こんにちは、令和トラベルで Android アプリエンジニアをしている細井です。

本記事では、以前 EM の吉田の記事 でも紹介されていた NEWT のアプリ開発で導入したドキュメンテーション “Dev Doc” について、より詳細にどういった経緯で、どのような運用をはじめたのかを赤裸々に紹介します。

なぜドキュメントを書くのか

私が Join した2023年9月頃、NEWT のアプリ開発チームでは以下のような、アプリ開発あるあるの問題が発生していました。
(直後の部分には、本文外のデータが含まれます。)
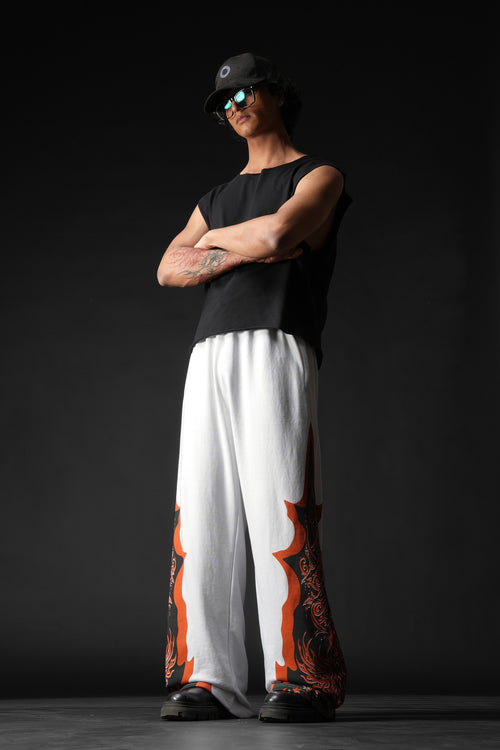 Architectonic Bottoms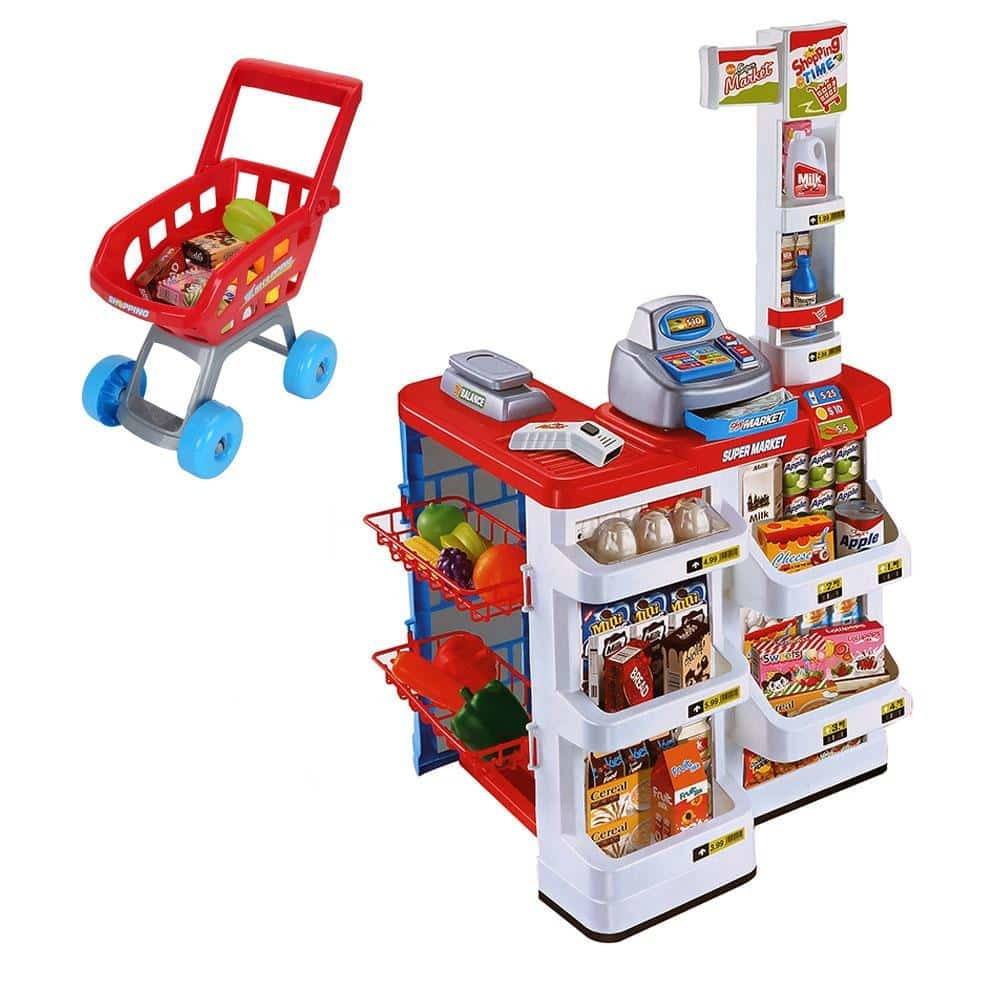 Miniatyrbild 1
  • 仕様の調整が、口頭や Slack の色々なスレッドで行われ、最終的な仕様が Slack なのか Figma なのか実装なのかを追いかけるのに時間がかかる
  • 新しく Join したメンバー (私) が、既存仕様やロジックをコードからしか読み取れず、キャッチアップに時間がかかる
    • 自身がキャッチアップできた範囲でしか実装しないため、仕様の考慮漏れが発生する
  • QA 期間になって、iOS は実装してるけど、Android はまるまる実装してない箇所がある
  • 過去、各プラットフォームそれぞれ異なる仕様で実装していて、何が正しいか分からない状況になった

これらの問題は、情報共有や合意形成といったコミュニケーションの問題だと捉えられるので、そういったコミュニケーションの土台となるツールとして、ドキュメンテーションの導入を考えはじめました。

何を書くのか

当初は Design Docs を導入しよう、という話もあったので、改めて Design Docs って何だっけというところから振り返りました。
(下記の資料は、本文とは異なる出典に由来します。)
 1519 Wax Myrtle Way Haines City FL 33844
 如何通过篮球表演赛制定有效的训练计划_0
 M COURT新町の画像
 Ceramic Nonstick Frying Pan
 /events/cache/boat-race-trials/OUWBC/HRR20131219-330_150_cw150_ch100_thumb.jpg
Design Docs は Google 等でも導入 される、ドキュメント化〜メンバーとの共有・議論をするための手法です。

あくまで手法のため、書く内容としては必ずしも決まったフォーマットがあるわけではないですが、以下のような内容を記載することが多いようです。

  • 目的・ゴール
  • 敢えてやらないこと
  • 検討した別の方法
  • システムアーキテクチャ
  • ドメイン設計
  • API 設計
  • データベース設計
  • UI 仕様
  • コード設計
  • その他の考慮事項
    • セキュリティ、プライバシー etc…

NEWT アプリ開発にあてはめて何を書くか考えた時、

  • 要件定義の部分は、PdM がドキュメントを作成してくれる
  • デザインデータとして Figma が存在しており、細かい文言なども定義してくれている
  • アプリが使用する API の設計は、Backend 主導で、Github や Slack で仕様調整し、GraphQL のスキーマがマスター情報となっている

という前提があり、これらの内容は重複するため除外することにしました。

また、弊社の iOS/Android のエンジニアは PP (令和トラベルでは、業務委託メンバーを “プロ・パートナー”、略して “PP” と呼んでいます) のメンバー含め、1人で開発を任せられるレベルであることから、コーディングレベルでの設計のような内容も too much だと考え除外しました。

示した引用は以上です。